Standards — How to Hit Each

  • Advanced Course (SNCO Academy) graduate — required for MSgt / 1stSgt board. Resident preferred.
    Pull the Advanced Course slot the moment you pin GySgt. Resident slots at the regional SNCO academies compress when the year-group moves into the E-8 zone. The course covers senior-NCO leadership, organizational dynamics, the Marine Corps's senior-enlisted role in policy and force planning, and the strategic context that 1stSgts and MSgts operate within. If operational tempo blocks resident, enroll in CDET and complete it before the board window. The board reads PME as a binary — done or not done.
  • Black Belt Instructor (BBI) MCMAP at minimum; Black Belt Instructor-Trainer (BBIT) is the visible differentiator on the 1stSgt / MSgt board.
    MCMAP under MCO 1500.54. At GySgt, BBI is the baseline visible credential on the FitRep. BBIT is the instructor-trainer credential that shapes the regiment's MCMAP program and is visible on the centralized board read. The regiment's fire support section MCMAP belt progression rate under your supervision is the regimental SgtMaj's read of the section's martial arts health.
  • Regimental JFO qualification rate at or above the MEF standard through every major exercise and deployment cycle.
    The JFO qualification rate is the single metric the regimental commander reads as the health of the fire support architecture. Pull the qualification matrix monthly. Track every fire support Marine against his qualification status and the next school window. Brief the regimental FSC on JFO readiness posture at every fires coordination meeting. The regiment that deploys with 100% JFO-qualified FIST chiefs is the regiment whose fires architecture delivers; the regiment that deploys with gaps asks the GySgt who was managing the program what happened.
  • FitRep RV profile that the senior reporting official can defend at the E-8 board — relative value, attribute rationale, comparative assessment all aligned.
    The RV profile at GySgt is judged by HQMC across all your rated Marines and reads on whether the SSgts you rated as competitive actually got selected at GySgt. If the SSgts you inflated are not pinning GySgt at the rates your FitRep narratives implied, your RV credibility drops and the E-8 board reads the gap.

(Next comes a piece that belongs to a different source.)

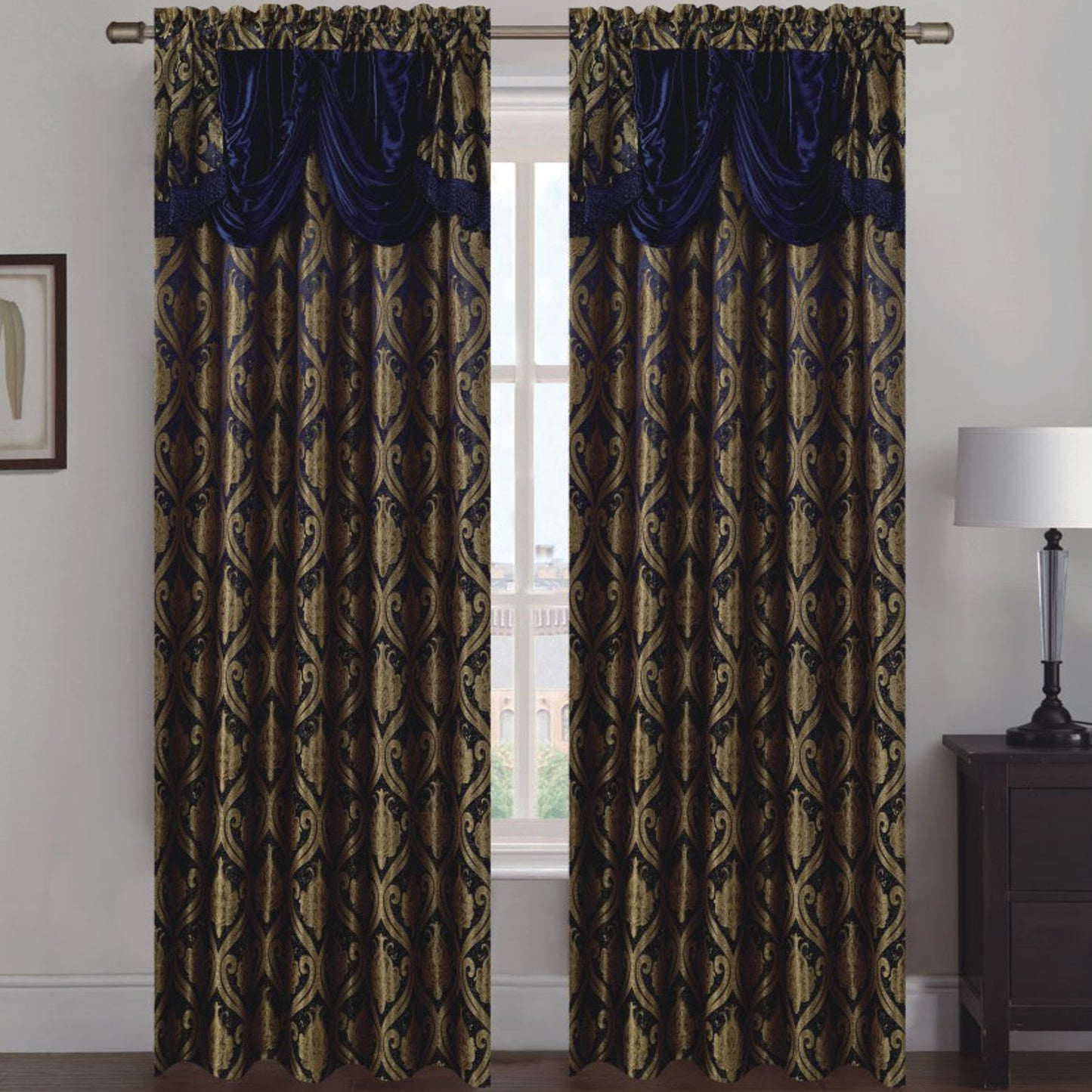 Rebecca Jacquard Rod Pocket Panel with Attached Valance Set of Two - Assorted Colors - Glory Home Design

Keep the RV defensible through honest performance reporting — the GySgt who is forced to inflate ends up burning the RV currency for every other Marine he rates.
  • 1st-Class PFT and CFT; your score is watched by the fire support formation.
    The GySgt below 1st-Class is functionally not competitive for the E-8 board regardless of FitRep narrative. The fire support section watches the senior SNCO's PFT/CFT score — a GySgt who cannot run a 1st-Class PFT cannot credibly enforce the fitness standard across the regiment's fire support Marines. Maintain the score through disciplined, year-round PT — not by cramming before the semi-annual test.

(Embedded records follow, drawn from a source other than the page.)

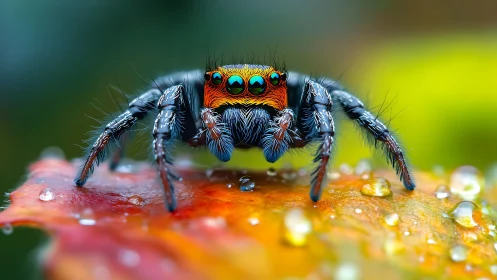 Iridescent jumping spider macro on dew covered autumn leaf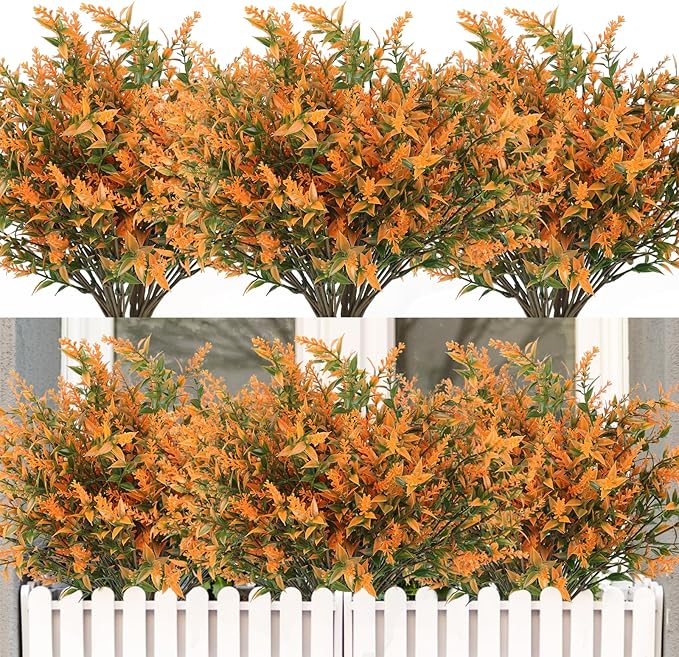 RECUTMS Artificial Flowers Fake Outdoor Plants Faux UV Resistant Lavender Flower Plastic Shrubs Indoor Outside Hanging Decorations Fall Flowers for Decoration，20 Bundles-Salmon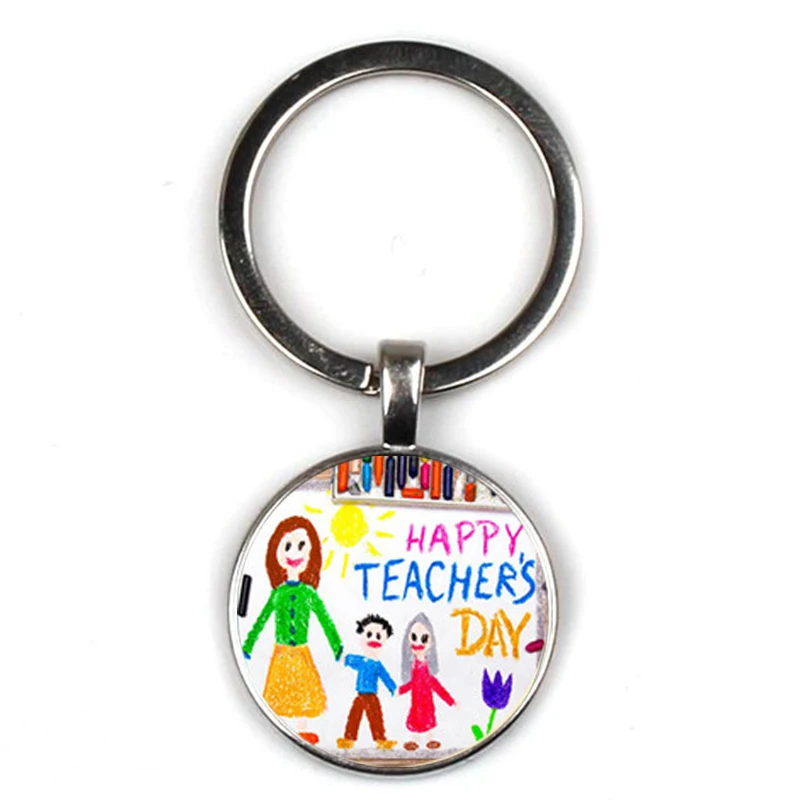 3 Модный текстовый брелок Thank You Teacher, Очаровательная стеклянная кристаллическая подвеска, качественная сумка для ключей, брелок для ключей, женский подарок на День учителя - Цвет: 3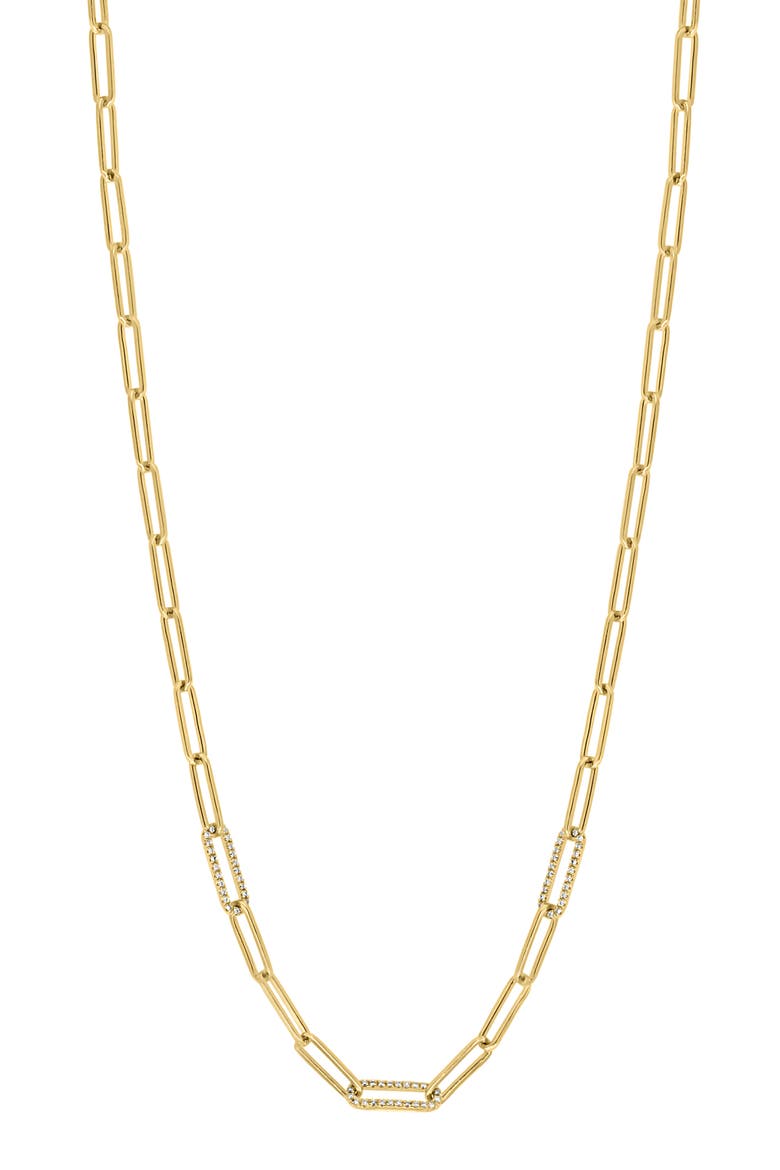 Diamond Paper Clip Chain Necklace, Alternate, color, GOLD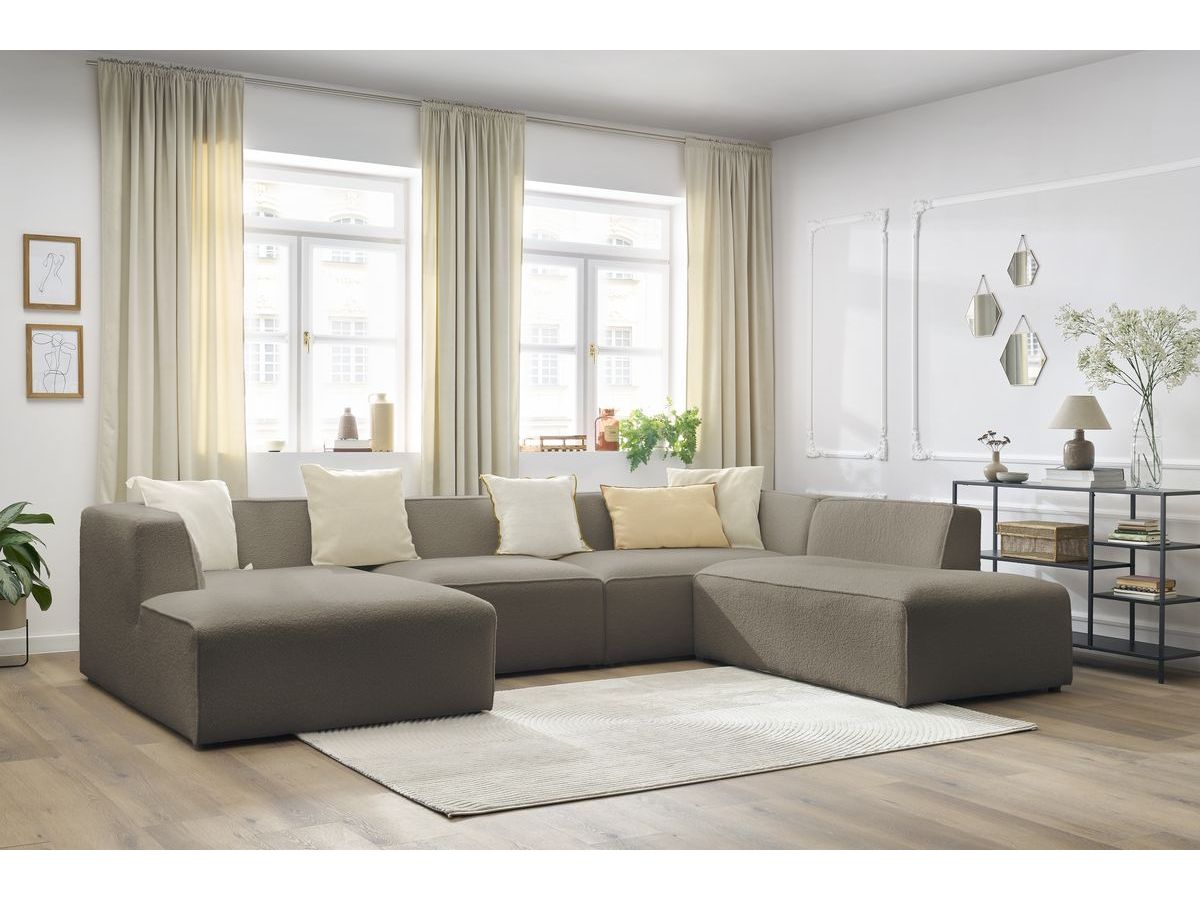 Bobochic Megeve Wohnlandschaft Bouclé-Stoff Braun Ecke links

Technical Mistakes — Concrete Consequences

  • Allowing the fire support training standard to vary across battalions without regimental-level standardization.
    The battalion whose fire support training is weak produces a FIST team that makes coordination measure errors at the boundary with the battalion whose training is strong. The fratricide happens at the seam the regimental fire support chief should have strengthened. The MCCRE evaluator grades the fire support architecture at the regimental level — not the battalion level — and the grade reflects the weakest battalion's performance, not the strongest.
  • Confusing being tight with the regimental commander with being aligned with the regimental commander.
    Tight means you and the regimental commander get coffee together. Aligned means the regiment's fires plan executes without surprise. The regiment needs you to push back on a fires plan that overpromises what the FISTs can deliver — in his office, with the door closed — and walk out aligned in formation. The GySgt who is tight but not aligned is the GySgt whose regiment walks into the MCCRE without knowing the actual fire support posture.
  • Carrying a battalion-preference bias into the regimental fire support chief billet.
    The regimental fire support chief who invests disproportionately in the battalion he came from produces a regiment where the other battalions know it and the fire support quality reflects it. The battalion fire support chiefs talk to each other — the SSgts who feel neglected tell their BN SgtMajs, and the BN SgtMajs tell the regimental SgtMaj. The bias is visible within a quarter and the FitRep reflects it.
  • Allowing the CAS integration skills to atrophy because CAS is the JTAC's job.
    The GySgt who cannot coordinate with the DASC, brief CAS allocation procedures, and manage JFO employment at the regimental level is missing half the fires available to the regiment. When the regimental FSC asks the fire support chief to brief the CAS integration plan and the GySgt defers to the JTAC, the FSC loses confidence in the fire support chief's authority over the joint fires architecture. The FitRep reflects the gap.
  • Going around the BN SgtMaj chain on SNCO development issues.
    The regimental fire support chief who takes an SSgt development issue directly to the regimental SgtMaj without going through the BN SgtMaj has broken the chain. The BN SgtMaj finds out, the regimental SgtMaj corrects you, and the credibility loss compounds into the 1stSgt slate conversation. The fires community is small enough that the violation is known across the division within a week.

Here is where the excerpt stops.